[[ Exercise material open ]]
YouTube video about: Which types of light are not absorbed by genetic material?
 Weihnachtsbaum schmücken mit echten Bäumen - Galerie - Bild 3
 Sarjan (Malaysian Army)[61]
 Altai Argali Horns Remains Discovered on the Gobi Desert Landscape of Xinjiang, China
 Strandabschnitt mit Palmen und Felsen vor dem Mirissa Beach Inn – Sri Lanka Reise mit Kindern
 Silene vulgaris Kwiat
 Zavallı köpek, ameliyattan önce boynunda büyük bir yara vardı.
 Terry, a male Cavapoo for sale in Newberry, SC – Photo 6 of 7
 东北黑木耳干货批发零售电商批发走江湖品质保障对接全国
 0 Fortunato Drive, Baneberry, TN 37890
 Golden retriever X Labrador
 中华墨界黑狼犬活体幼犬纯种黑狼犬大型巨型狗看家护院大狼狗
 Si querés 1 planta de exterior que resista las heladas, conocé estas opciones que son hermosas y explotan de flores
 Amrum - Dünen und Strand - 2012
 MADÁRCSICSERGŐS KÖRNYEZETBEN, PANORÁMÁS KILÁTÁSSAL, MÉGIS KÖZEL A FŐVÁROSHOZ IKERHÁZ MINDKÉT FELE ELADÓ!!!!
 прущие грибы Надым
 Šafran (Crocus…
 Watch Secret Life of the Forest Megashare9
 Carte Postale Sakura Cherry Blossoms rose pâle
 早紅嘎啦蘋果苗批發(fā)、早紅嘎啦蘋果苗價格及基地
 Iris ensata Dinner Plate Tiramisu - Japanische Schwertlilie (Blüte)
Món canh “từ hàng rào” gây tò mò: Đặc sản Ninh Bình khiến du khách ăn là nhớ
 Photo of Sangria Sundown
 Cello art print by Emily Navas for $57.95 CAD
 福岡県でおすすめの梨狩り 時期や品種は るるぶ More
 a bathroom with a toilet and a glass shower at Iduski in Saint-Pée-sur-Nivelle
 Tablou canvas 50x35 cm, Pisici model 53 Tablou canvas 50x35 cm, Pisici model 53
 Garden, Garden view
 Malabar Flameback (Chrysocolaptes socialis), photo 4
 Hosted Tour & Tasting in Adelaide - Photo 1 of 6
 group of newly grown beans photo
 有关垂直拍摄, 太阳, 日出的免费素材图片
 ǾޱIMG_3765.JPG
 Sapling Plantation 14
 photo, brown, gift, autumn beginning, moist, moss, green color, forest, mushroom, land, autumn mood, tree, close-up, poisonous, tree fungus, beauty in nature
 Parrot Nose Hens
[[ Exercise material closed ]]
■ Directions ■
In the listing above, find the line holding "Amrum - Dünen und Strand - 2012" and the line holding "Tablou canvas 50x35 cm, Pisici model 53 Tablou", then output those two lines and every line between them exactly.

■ Task answer ■
 Amrum - Dünen und Strand - 2012
 MADÁRCSICSERGŐS KÖRNYEZETBEN, PANORÁMÁS KILÁTÁSSAL, MÉGIS KÖZEL A FŐVÁROSHOZ IKERHÁZ MINDKÉT FELE ELADÓ!!!!
 прущие грибы Надым
 Šafran (Crocus…
 Watch Secret Life of the Forest Megashare9
 Carte Postale Sakura Cherry Blossoms rose pâle
 早紅嘎啦蘋果苗批發(fā)、早紅嘎啦蘋果苗價格及基地
 Iris ensata Dinner Plate Tiramisu - Japanische Schwertlilie (Blüte)
Món canh “từ hàng rào” gây tò mò: Đặc sản Ninh Bình khiến du khách ăn là nhớ
 Photo of Sangria Sundown
 Cello art print by Emily Navas for $57.95 CAD
 福岡県でおすすめの梨狩り 時期や品種は るるぶ More
 a bathroom with a toilet and a glass shower at Iduski in Saint-Pée-sur-Nivelle
 Tablou canvas 50x35 cm, Pisici model 53 Tablou canvas 50x35 cm, Pisici model 53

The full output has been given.